27-letni mieszkaniec Ostrowa Wlkp. zaparkował swojego konia na ul. Mertki w Ostrowie Wlkp. To niecodzienne zdarzenie miało miejsce na największym osiedlu bloków w czwartkowe przedpołudnie. Wielu mieszkańców było zdegustowanych widokiem moknącego konia. Gdy właściciel oddalił z osiedla prowadząc konia, udało się go namierzyć we Wtórku na jednej z posesji. Tam stwierdzono, że koń ma tylko jedną podkowę. Ponadto musiał stać ponad godzinę w sadzie przy jednej z posesji w oczekiwaniu na innego mieszkańca, który zadeklarował zapewnienie schronienia dla konia. Na miejscu interweniowała policja, która do końca nie znalazła podstaw by doprowadzić do odebrania zwierzęcia za czym postulowały miłośniczki koni.

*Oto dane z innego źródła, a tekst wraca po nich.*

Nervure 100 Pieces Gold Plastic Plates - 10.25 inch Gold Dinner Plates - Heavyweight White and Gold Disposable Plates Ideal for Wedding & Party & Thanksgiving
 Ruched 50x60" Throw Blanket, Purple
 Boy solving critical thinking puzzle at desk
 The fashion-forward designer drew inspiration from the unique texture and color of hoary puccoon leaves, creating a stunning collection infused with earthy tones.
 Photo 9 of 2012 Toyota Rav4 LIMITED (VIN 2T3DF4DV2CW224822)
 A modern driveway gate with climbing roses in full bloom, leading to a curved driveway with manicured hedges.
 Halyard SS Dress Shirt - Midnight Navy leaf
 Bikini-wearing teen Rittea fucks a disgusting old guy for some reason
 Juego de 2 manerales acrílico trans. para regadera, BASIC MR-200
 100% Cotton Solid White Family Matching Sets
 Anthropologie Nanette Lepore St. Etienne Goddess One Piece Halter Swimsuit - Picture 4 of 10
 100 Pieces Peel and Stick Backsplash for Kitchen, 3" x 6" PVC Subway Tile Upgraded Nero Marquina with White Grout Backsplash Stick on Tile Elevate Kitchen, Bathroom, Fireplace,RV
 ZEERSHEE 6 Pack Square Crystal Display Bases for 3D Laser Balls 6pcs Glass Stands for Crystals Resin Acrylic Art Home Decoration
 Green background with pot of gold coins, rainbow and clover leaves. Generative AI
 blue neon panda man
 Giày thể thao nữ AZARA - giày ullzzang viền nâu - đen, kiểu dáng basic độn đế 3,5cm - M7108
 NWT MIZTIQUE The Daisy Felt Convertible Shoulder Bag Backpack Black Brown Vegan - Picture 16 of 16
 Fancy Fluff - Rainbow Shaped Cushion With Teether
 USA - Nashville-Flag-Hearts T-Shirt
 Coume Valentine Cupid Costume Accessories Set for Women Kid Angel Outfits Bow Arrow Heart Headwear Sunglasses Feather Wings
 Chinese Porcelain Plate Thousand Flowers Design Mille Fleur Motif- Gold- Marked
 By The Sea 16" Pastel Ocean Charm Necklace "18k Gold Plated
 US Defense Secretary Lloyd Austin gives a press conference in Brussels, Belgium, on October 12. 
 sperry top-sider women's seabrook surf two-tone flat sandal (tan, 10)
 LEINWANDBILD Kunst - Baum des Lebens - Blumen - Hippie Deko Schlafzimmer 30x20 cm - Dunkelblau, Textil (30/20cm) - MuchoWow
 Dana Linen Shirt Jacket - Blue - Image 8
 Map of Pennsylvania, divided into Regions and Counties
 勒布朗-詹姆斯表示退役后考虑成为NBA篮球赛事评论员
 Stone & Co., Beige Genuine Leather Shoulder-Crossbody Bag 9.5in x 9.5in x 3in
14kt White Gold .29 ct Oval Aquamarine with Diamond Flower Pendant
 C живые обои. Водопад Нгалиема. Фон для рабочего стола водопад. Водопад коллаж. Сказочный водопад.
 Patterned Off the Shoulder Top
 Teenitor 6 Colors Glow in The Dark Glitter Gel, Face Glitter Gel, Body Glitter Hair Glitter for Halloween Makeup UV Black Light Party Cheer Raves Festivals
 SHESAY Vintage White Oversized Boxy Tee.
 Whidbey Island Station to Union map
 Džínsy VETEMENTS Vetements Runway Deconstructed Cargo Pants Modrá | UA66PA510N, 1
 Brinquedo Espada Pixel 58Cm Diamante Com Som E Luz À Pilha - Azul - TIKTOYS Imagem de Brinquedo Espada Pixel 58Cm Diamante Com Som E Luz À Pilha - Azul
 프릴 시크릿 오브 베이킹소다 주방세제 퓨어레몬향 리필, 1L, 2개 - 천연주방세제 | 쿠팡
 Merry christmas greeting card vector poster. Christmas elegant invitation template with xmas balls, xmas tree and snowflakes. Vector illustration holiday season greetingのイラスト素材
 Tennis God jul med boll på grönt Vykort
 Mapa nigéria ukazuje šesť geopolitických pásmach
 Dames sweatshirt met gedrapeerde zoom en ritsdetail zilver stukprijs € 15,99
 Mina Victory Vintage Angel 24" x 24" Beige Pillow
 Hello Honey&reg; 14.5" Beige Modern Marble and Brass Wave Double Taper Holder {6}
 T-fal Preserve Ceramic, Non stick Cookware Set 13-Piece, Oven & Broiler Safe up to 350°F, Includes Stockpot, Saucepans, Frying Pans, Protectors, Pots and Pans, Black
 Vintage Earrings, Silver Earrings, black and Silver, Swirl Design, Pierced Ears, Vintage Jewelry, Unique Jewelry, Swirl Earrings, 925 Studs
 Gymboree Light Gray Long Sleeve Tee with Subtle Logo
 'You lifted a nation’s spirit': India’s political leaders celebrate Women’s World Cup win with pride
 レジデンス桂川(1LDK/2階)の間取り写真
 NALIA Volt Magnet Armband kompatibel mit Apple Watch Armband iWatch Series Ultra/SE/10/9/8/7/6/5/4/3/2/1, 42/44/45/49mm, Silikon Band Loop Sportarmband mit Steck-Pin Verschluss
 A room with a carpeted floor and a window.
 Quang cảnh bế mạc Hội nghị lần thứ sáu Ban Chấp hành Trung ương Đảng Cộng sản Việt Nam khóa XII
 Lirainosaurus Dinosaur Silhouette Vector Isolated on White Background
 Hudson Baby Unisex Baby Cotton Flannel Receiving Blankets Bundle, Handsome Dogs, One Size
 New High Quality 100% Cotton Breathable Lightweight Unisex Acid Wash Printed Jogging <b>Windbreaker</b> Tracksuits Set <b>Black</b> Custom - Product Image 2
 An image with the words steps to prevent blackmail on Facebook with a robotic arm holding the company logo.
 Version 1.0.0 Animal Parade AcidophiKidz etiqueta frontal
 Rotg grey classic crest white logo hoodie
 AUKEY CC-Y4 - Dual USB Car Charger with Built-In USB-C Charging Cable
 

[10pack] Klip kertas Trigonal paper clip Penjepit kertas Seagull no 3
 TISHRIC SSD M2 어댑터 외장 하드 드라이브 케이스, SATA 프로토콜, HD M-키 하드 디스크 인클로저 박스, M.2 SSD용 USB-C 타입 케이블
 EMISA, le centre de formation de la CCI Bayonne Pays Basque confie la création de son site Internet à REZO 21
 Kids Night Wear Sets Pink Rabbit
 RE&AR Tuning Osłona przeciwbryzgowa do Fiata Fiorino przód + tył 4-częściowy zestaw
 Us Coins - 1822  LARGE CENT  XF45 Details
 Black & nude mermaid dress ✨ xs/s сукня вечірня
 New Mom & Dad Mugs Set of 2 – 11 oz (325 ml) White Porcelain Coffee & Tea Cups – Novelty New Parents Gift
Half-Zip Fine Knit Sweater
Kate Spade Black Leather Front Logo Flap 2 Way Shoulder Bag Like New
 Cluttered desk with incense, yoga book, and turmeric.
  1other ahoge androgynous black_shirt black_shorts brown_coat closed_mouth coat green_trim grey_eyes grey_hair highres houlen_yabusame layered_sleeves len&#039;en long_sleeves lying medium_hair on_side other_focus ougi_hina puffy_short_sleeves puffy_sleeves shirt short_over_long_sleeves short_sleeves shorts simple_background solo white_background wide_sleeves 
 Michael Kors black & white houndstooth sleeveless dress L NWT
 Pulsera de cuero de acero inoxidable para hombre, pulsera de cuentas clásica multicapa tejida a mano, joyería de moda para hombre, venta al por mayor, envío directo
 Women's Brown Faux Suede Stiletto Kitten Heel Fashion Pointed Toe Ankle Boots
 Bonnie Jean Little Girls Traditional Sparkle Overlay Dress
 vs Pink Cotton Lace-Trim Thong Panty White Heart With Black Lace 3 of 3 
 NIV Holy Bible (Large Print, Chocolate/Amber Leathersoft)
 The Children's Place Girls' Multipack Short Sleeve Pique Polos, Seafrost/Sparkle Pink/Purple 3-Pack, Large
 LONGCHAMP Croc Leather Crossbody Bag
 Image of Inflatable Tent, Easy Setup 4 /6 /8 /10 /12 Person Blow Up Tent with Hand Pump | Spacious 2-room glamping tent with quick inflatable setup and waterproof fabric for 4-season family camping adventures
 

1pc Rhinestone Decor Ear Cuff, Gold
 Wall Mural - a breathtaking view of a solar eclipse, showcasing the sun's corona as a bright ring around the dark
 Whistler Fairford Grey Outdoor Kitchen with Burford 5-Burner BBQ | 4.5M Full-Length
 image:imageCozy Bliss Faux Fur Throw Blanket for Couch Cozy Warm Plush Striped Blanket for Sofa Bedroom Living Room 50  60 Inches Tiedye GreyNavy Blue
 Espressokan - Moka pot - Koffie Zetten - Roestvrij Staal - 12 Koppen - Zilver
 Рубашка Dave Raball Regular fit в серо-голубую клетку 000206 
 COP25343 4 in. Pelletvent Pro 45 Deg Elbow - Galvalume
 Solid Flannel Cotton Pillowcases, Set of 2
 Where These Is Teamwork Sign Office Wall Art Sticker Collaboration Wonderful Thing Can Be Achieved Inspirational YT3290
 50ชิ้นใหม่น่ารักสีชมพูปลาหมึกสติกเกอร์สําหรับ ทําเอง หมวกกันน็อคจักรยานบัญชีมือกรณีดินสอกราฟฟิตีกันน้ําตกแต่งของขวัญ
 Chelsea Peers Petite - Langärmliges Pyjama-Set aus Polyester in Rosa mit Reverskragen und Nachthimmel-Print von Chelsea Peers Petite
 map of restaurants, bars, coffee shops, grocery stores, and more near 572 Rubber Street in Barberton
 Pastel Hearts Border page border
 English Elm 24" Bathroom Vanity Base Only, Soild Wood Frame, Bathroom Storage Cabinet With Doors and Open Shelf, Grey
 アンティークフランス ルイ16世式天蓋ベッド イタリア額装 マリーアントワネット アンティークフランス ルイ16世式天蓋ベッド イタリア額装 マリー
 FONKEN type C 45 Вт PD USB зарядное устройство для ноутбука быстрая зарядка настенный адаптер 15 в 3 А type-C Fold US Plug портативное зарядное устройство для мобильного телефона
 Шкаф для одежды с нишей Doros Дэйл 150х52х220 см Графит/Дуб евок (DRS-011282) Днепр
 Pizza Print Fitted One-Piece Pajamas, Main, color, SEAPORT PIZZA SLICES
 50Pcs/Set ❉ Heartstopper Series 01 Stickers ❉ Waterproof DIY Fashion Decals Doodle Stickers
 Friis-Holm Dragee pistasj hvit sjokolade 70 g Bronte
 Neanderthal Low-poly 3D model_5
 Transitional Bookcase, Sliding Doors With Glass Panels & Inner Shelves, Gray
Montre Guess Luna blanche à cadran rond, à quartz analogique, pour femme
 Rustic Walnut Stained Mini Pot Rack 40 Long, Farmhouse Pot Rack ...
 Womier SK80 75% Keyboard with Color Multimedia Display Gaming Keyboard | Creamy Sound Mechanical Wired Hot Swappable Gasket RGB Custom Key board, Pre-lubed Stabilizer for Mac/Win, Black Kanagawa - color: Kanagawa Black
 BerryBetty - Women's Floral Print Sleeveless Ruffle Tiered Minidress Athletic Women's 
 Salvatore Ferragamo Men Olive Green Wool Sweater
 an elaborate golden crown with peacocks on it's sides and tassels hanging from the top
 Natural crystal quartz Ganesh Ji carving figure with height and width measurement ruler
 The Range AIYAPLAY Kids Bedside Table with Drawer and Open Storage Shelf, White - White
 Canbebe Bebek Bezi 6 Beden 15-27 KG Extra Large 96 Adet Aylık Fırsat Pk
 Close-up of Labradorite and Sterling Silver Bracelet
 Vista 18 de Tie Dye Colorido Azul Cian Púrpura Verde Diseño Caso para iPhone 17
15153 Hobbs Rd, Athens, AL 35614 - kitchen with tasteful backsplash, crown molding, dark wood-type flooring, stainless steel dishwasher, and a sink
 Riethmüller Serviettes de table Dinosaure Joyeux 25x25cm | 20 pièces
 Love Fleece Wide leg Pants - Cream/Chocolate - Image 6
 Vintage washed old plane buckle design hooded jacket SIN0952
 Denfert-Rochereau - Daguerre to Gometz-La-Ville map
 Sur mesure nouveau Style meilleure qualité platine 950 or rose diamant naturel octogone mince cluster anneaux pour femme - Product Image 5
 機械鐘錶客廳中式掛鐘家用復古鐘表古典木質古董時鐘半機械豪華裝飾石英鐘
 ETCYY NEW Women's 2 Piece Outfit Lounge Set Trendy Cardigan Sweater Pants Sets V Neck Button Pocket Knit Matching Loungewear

Na ich oczekiwania wpłynęły wydarzenia, które miały miejsca poprzedniej nocy. Wtedy ten sam koń uciekł właścicielowi i został dopiero złapany na ul. Witosa. Na miejsce również podjechał radiowóz policji, ale właściciel zapewniał, że ma już pełną kontrolę nad koniem. Po kilkudziesięciu minutach widziano mężczyznę z koniem chodzącego po ogródkach działkowych przy ul. Strzeleckiej.
Jak udało się wyczytać na profilu konia na Facebooku, właściciel zwierzęcia podejrzewa szereg osób o zachowania mające szkodzić jego koniowi. Wśród zarzutów można wyczytać, iż ktoś miał jeździć koniem i tym samym doprowadzić do kontuzji. Mężczyzna opowiadał iż nieznani sprawcy obrzucali jego konia… muchami. Na wszystko rzekomo ma nagrania pochodzące z fotopułapek, jednak mimo zapowiedzi ich nie opublikował.
Co najgorsze, miłośnicy koni przekonują iż ten mężczyzna pokłócił się z wieloma, żeby nie powiedzieć wszystkimi, właścicielami stajni i stąd brak schronienia dla jego konia.